With fully charged battery drive motor is very weak. Has a hard time getting started but once it's moving will continue but having limited space I never get it up to speed, getting started is very weak, if I have the wheels cut hard it might not move.
Any suggestions where I should look? Remember it's old there is no solid state controls!
 
Does the motor have brushes that you can inspect? I had an old DC motor that lost power and it turned out one of the brush springs broke. Other motors I have had to free up brushes that got sticky in their holders.
 
Check battery voltage, how much voltage drop when you engage motor? Check cable connections, check for voltage drop at motor, old cables can become resistors, they turn green under the insulation and may feel stiff. Check brushes and springs as mentioned above, plus commutator.
 
What kind of drive motor? Permanent magnet or wound rotor? Shunt/series wound or separately excited? Armature or field resistors?

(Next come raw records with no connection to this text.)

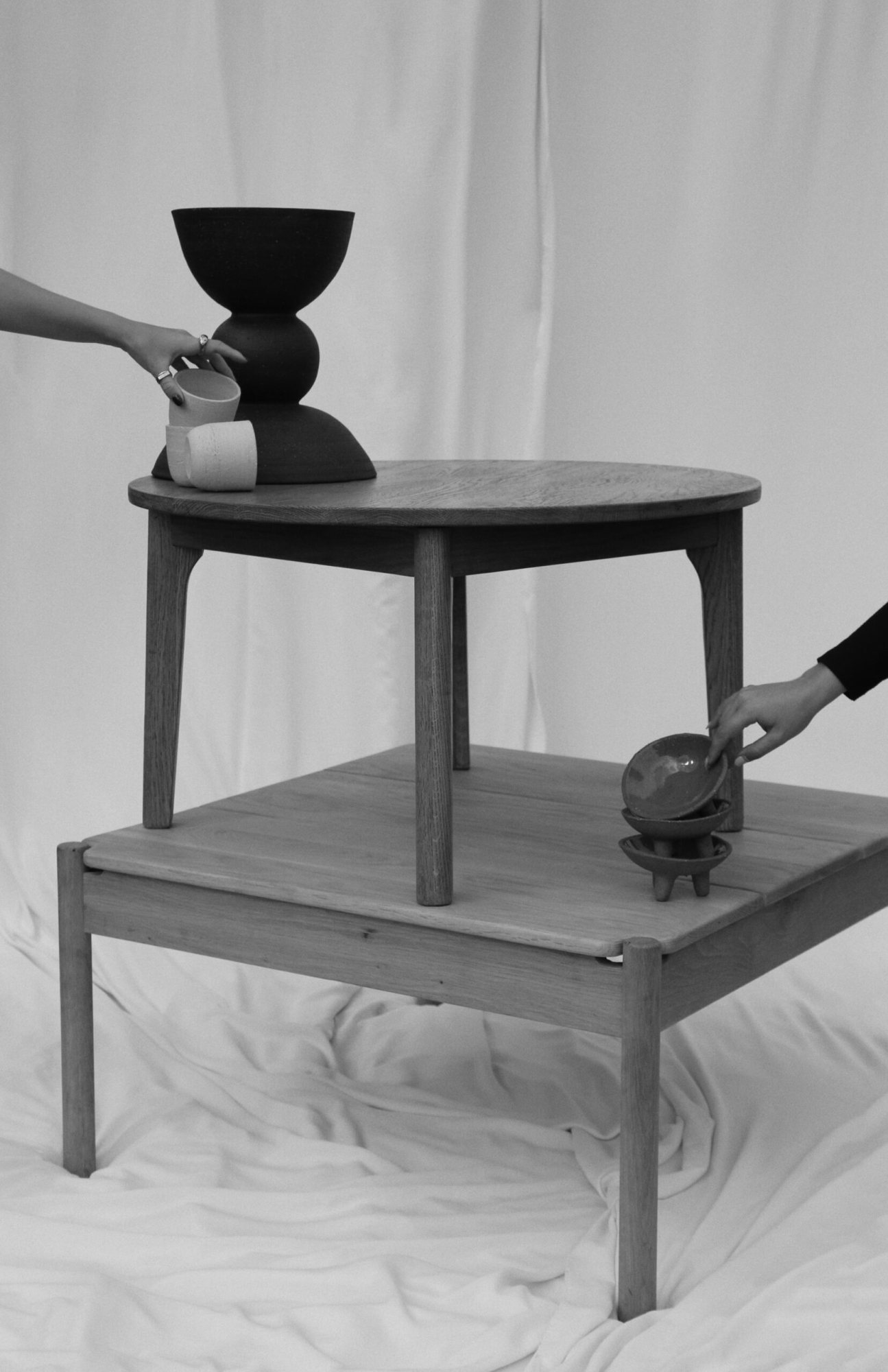 A minimalist wooden table with decorative bowls and cups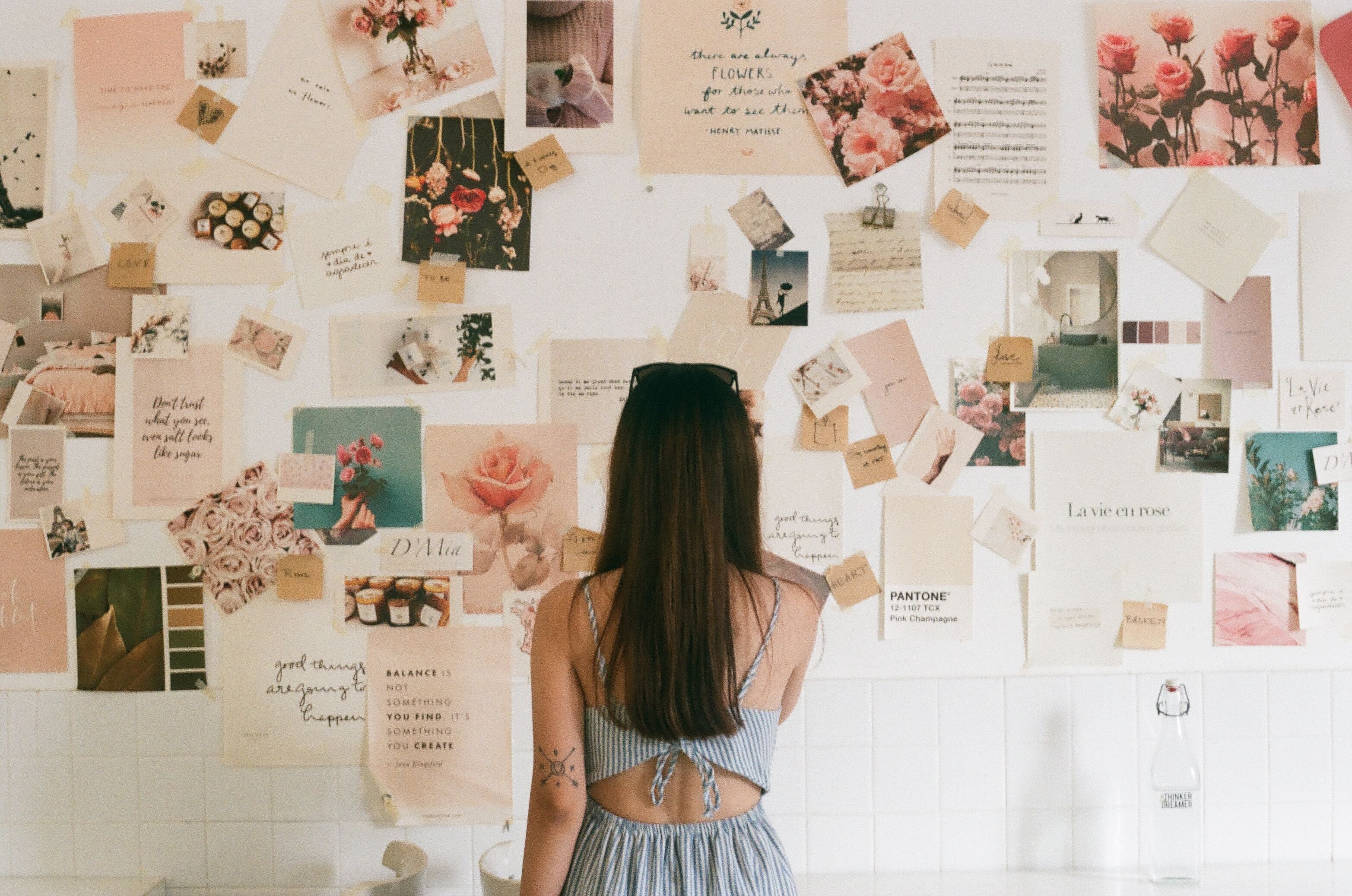 Femme de dos devant un mur couvert d'un vision board rose et floral, avec citations, photos et échantillons de couleurs Pantone.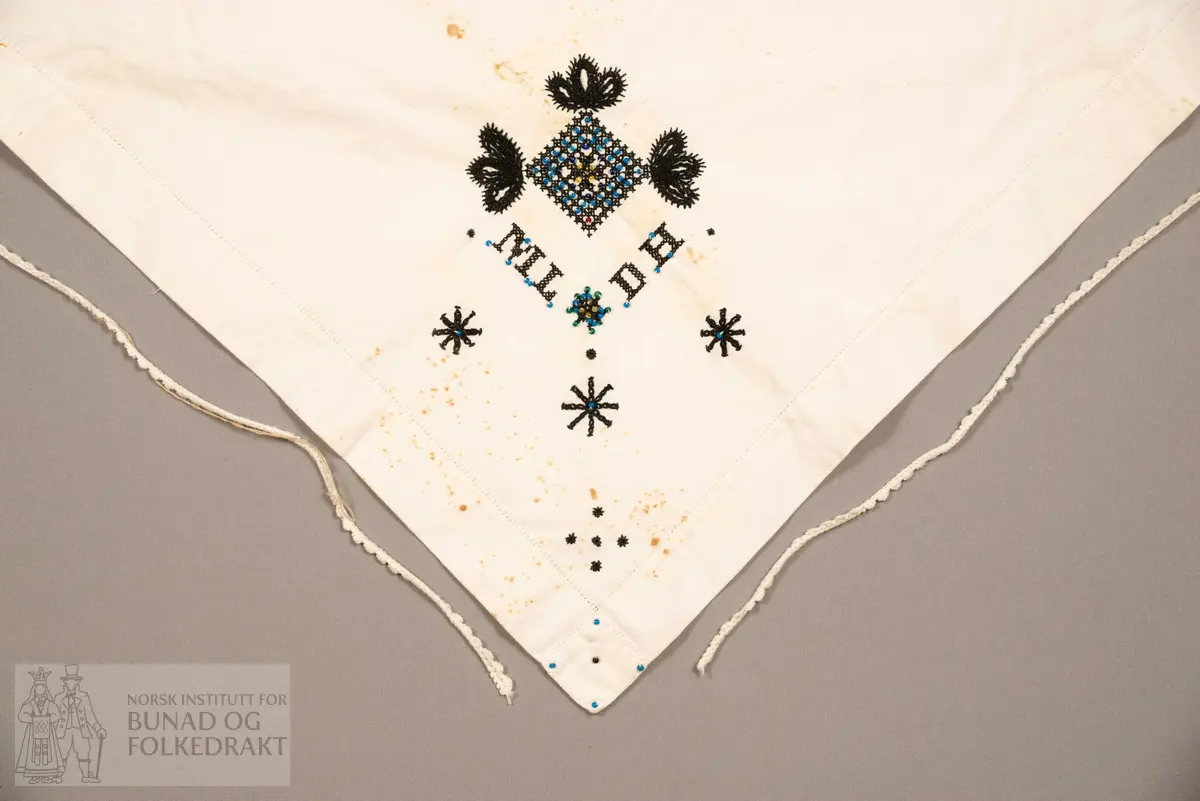 Skaut sydd av stødig, fast bomullslerret (24 tråder x 24 tråder per cm.). Bretta diagonalt. Broderi i eine snippen, av svart, tjukk silketråd og glasperler i mellomblå, mørk transparant blå, transparant grøn, transparant gul, og ei perle transparant raud.
Innbrodert med korssting initialane: "M.L.D.H."
Kjedesting, stilkesting og korssting.
Langs båe sider av den broderte snippen er bretta ein brei fald sydd ned med enkel holfald.
Også jare langs ei side og ein smalbretta fald sydd ned med små faldesting i den fjerde sida.
Knyteband av smalt, kvitt blondeband i bomull.

Om skautet i "Hovdatyet" av Eli Drønen: "Skautet var av lerret og sydd med svart tråd i korssting i nakken, ca. 67 x 67 cm. Skautebanda vart festa i to endar av skauten, dei er i ripsvevnad 58 cm x 1,3. Skautet vart lagt i trekant og sett på hua. Det vart kryssa bak, og skautspissane rakk til øyrene, og vidare vart skautebanda kryssa framme ca. 3 cm innpå skautet og ført vidare og knytt bak under skautet. Endene av banda vart putta innunder skautet. (...) Skautet var brukt utanpå rundhua, når dei gjekk til kyrkje, i gjestebod og i bryllaup."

Shorted field resistors on a field-controlled motor will make it run at minimum output. Shorted armature resistors on a permanent magnet motor will make it run like a bat out of hell.
 
Thanks guys, I'll do some checking. I doubt there is any issues with the battery or charger, they are quite new. Been a while since I looked inside so I will open it up and take a good look at what I have. I doubt that it is a PM motor but not sure if field or amateur is controlled. From what I remember the resister that controls the speed is shorted by the speed control relays so that as speed is increased the relays remain activated until full speed by-passes the resister completely. I'll do some voltage measurements. I do have an Amprobe that will measure DC Amps so I'll get amperage readings also.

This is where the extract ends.